* YOUR GOAL
Start at the line below containing "Liebherr A 918 Compact" and stop at the line containing "2016 Toyota Camry". Repeat every line of that stretch exactly, and nothing outside it.
*** SOURCE MATERIAL ***
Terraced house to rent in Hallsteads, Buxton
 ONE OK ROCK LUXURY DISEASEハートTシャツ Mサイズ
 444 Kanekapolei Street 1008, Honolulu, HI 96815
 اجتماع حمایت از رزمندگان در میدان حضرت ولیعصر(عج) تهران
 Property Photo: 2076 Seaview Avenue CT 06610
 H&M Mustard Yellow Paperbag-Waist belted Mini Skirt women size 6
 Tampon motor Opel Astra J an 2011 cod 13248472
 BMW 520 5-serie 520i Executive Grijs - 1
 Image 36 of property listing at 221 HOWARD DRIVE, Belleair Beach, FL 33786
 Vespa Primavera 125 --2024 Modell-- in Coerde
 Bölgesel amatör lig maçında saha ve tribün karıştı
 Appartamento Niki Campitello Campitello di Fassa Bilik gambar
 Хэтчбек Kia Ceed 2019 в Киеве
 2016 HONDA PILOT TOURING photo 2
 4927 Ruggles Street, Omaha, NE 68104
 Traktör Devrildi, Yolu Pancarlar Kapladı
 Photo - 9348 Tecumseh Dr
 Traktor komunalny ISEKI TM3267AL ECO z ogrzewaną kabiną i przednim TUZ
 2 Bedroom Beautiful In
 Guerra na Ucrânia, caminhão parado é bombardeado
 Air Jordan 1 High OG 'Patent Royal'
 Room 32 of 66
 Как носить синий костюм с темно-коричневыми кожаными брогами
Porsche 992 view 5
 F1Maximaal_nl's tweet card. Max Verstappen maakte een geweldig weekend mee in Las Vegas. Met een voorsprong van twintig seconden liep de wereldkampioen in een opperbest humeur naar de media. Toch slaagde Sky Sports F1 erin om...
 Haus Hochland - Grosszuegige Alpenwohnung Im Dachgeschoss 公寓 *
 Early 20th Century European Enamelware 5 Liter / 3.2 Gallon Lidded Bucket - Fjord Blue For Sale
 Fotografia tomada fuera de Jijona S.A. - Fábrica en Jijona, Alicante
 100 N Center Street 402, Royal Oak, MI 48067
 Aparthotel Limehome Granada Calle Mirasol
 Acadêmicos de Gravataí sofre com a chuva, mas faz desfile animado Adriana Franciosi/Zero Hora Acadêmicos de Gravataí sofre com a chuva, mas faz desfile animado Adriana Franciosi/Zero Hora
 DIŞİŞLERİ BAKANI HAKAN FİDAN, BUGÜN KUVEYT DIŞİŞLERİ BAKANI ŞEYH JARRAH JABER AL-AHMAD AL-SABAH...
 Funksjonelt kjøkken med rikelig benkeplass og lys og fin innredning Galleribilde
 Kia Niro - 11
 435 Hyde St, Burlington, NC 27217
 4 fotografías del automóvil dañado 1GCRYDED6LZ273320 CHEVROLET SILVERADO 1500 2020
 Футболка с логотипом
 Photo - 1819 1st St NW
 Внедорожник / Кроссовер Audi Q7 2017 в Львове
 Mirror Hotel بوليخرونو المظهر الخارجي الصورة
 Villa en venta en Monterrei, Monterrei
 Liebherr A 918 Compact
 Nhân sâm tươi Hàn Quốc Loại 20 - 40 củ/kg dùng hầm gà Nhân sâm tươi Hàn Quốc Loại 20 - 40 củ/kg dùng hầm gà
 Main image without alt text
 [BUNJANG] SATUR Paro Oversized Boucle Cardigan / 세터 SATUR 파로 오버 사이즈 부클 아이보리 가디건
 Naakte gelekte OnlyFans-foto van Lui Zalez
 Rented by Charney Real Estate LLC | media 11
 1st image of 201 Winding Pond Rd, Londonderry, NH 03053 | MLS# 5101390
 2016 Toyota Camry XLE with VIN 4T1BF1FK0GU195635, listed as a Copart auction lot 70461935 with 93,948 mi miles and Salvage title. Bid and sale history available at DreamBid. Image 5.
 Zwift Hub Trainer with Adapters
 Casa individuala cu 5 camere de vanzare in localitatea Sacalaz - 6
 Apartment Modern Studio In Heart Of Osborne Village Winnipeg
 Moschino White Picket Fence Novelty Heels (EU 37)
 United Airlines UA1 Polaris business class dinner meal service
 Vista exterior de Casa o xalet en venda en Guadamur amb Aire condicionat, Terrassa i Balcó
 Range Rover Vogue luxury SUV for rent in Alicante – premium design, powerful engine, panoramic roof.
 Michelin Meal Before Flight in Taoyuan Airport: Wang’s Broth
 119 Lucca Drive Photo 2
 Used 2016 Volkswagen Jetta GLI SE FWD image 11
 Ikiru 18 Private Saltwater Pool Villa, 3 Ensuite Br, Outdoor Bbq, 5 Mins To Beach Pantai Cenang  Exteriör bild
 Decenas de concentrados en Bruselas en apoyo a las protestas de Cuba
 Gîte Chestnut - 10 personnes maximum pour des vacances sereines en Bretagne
*** End of SOURCE MATERIAL ***
* SOLVED PROBLEM
 Liebherr A 918 Compact
 Nhân sâm tươi Hàn Quốc Loại 20 - 40 củ/kg dùng hầm gà Nhân sâm tươi Hàn Quốc Loại 20 - 40 củ/kg dùng hầm gà
 Main image without alt text
 [BUNJANG] SATUR Paro Oversized Boucle Cardigan / 세터 SATUR 파로 오버 사이즈 부클 아이보리 가디건
 Naakte gelekte OnlyFans-foto van Lui Zalez
 Rented by Charney Real Estate LLC | media 11
 1st image of 201 Winding Pond Rd, Londonderry, NH 03053 | MLS# 5101390
 2016 Toyota Camry XLE with VIN 4T1BF1FK0GU195635, listed as a Copart auction lot 70461935 with 93,948 mi miles and Salvage title. Bid and sale history available at DreamBid. Image 5.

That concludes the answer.